Question

The use of social networks has grown dramatically all over the world. In a recent sample of 24 American social network users and each was asked for the amount of time spent (in hours) social networking each day. The mean time spent was 3.19 hours with a standard deviation of 0.2903 hours.
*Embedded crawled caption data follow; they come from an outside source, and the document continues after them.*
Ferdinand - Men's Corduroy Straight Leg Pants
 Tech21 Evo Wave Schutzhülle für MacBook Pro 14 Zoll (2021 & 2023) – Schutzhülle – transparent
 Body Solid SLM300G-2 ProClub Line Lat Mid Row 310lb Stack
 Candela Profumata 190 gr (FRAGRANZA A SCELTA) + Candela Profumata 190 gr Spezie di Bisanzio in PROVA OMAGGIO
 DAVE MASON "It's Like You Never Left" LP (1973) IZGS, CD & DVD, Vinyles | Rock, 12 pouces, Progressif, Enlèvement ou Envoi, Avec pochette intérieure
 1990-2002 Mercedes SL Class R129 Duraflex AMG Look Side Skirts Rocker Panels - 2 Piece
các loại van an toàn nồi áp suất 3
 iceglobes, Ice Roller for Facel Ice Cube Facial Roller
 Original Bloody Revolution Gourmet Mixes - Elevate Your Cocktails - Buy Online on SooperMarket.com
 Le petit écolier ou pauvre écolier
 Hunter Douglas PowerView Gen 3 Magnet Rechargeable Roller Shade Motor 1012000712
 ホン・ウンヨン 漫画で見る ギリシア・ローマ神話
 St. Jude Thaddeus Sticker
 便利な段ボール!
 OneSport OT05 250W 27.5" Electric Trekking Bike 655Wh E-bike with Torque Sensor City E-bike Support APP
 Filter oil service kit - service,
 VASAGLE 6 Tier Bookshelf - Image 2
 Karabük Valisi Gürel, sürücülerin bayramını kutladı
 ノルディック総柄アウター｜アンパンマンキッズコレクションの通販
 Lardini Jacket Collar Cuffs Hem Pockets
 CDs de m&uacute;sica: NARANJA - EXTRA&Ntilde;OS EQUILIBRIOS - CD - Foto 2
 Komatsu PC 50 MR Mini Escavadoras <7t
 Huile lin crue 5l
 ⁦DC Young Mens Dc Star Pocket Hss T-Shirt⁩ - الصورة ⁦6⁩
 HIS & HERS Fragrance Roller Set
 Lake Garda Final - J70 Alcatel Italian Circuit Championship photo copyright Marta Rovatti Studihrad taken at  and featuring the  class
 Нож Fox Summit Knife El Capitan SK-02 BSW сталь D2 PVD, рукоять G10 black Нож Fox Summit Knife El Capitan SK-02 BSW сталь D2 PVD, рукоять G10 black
Find a 99% confidence interval for the true mean amount of time Americans spend social networking each day

Answer 1

The 99% confidence interval for the true mean amount of time Americans spend social networking each day is (3.02 hours, 3.36 hours).

Explanation:

The (1 - α)% confidence interval for population mean when the population standard deviation is not known is:

`CI=\bar x\pm t_(\alpha/2, (n-1))* (s)/(√(n))`

The information provided is:

`n=24\\\bar x=3.19\ \text{hours}\\s=0.2903\ \text{hours}`

Confidence level = 99%.

Compute the critical value of t for 99% confidence interval and (n - 1) degrees of freedom as follows:

`t_(\alpha/2, (n-1))=t_(0.01/2, (24-1))=t_(0.005, 23)=2.807`

*Use a t-table.

Compute the 99% confidence interval for the true mean amount of time Americans spend social networking each day as follows:

`CI=\bar x\pm t_(\alpha/2, (n-1))* (s)/(√(n))`

`=3.19\pm 2.807* (0.2903)/(√(24))\\\\=3.19\pm 0.1663\\\\=(3.0237, 3.3563)\\\\\approx (3.02, 3.36)`

Thus, the 99% confidence interval for the true mean amount of time Americans spend social networking each day is (3.02 hours, 3.36 hours).